Every line from the one with "Pink Salmon mascot costume..." to the end of the listing, and nothing else, is to be printed exactly; please leave the pictures out.

__Given material__.
_____
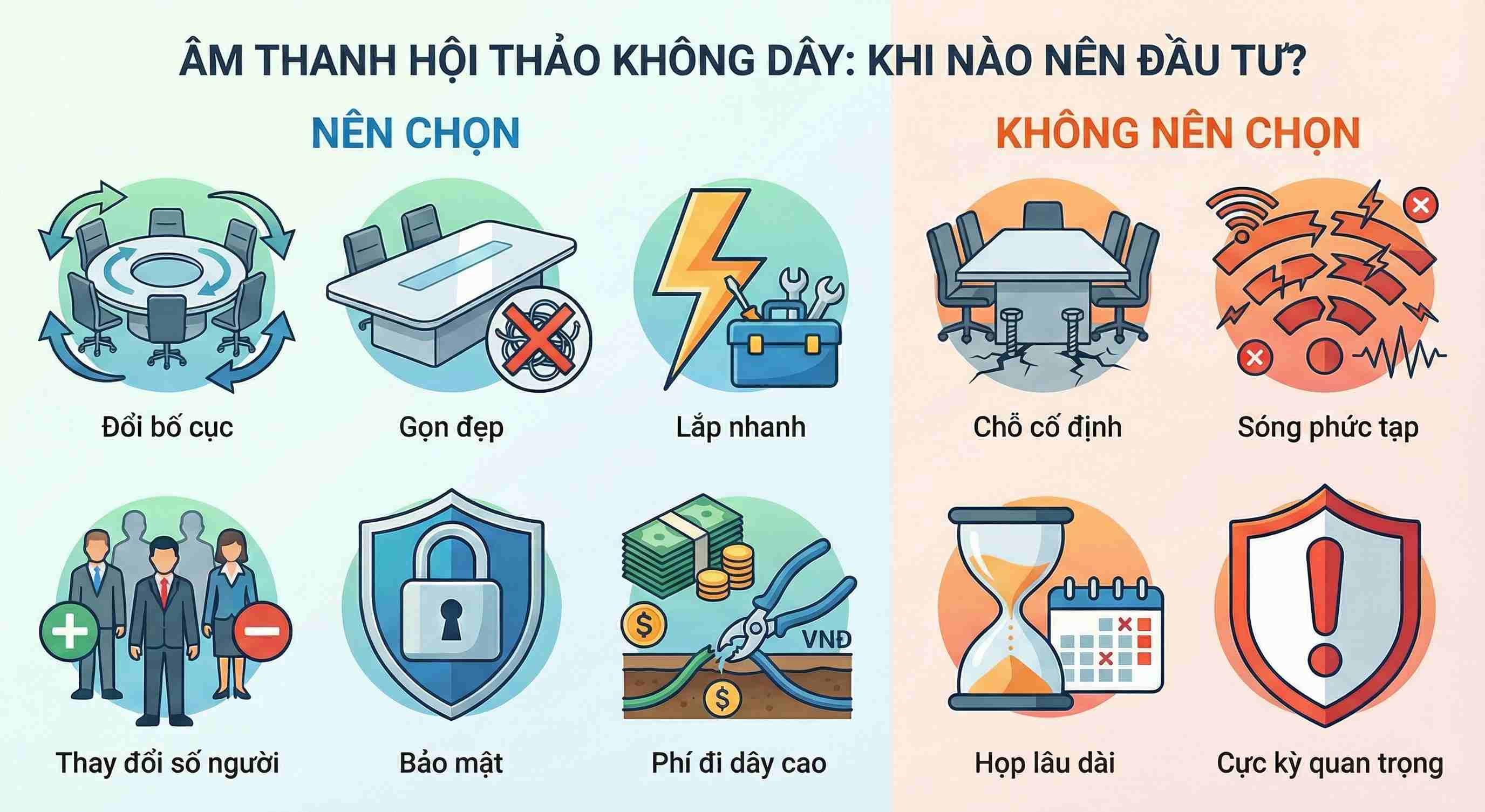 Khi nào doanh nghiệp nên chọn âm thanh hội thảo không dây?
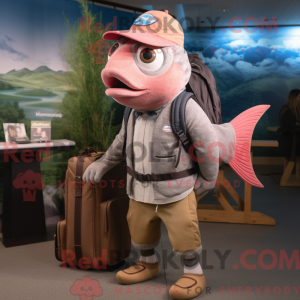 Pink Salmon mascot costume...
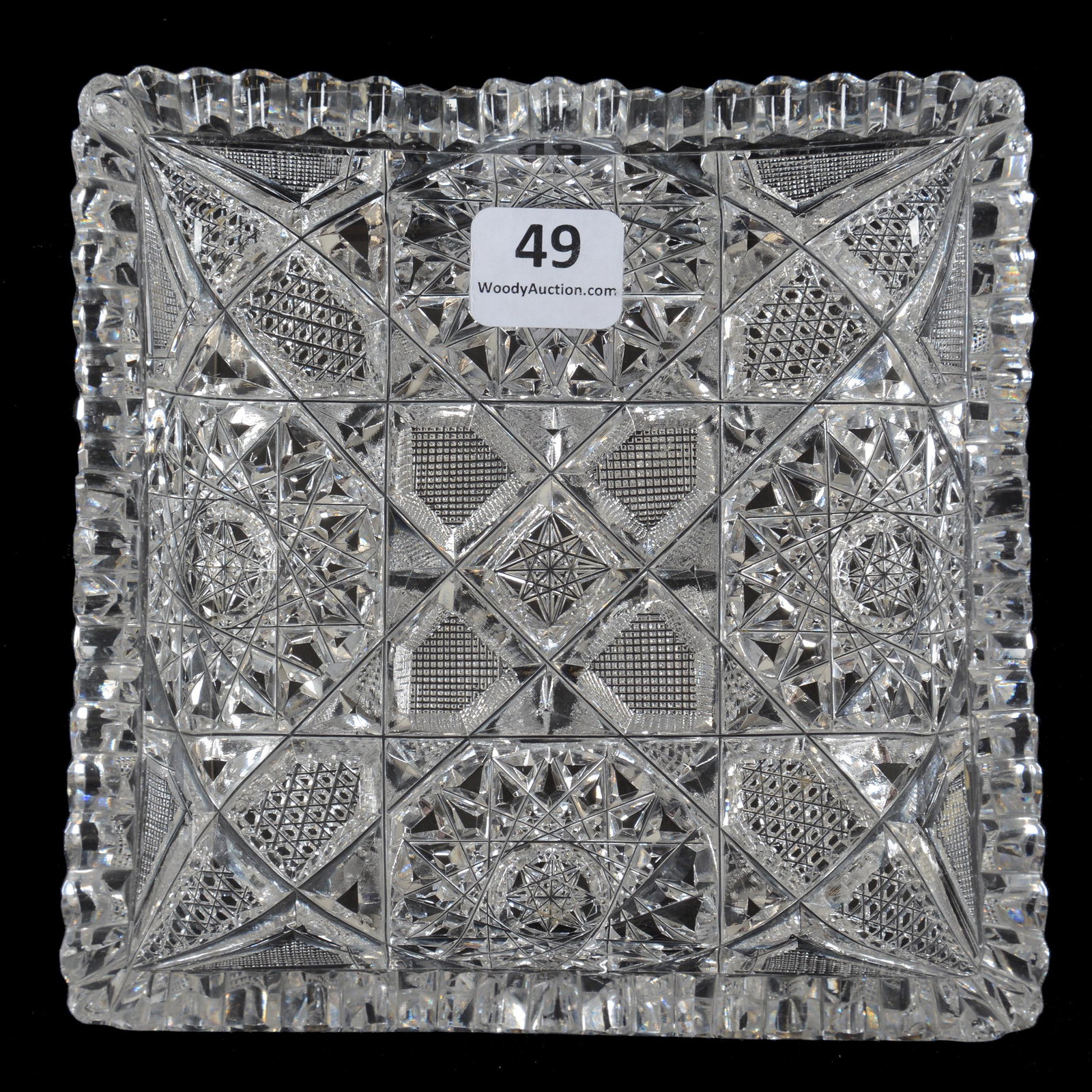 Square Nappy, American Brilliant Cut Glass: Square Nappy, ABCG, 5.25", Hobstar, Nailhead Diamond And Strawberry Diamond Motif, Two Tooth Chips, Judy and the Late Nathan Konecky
_____
__Response__.
 Pink Salmon mascot costume...
 Square Nappy, American Brilliant Cut Glass: Square Nappy, ABCG, 5.25", Hobstar, Nailhead Diamond And Strawberry Diamond Motif, Two Tooth Chips, Judy and the Late Nathan Konecky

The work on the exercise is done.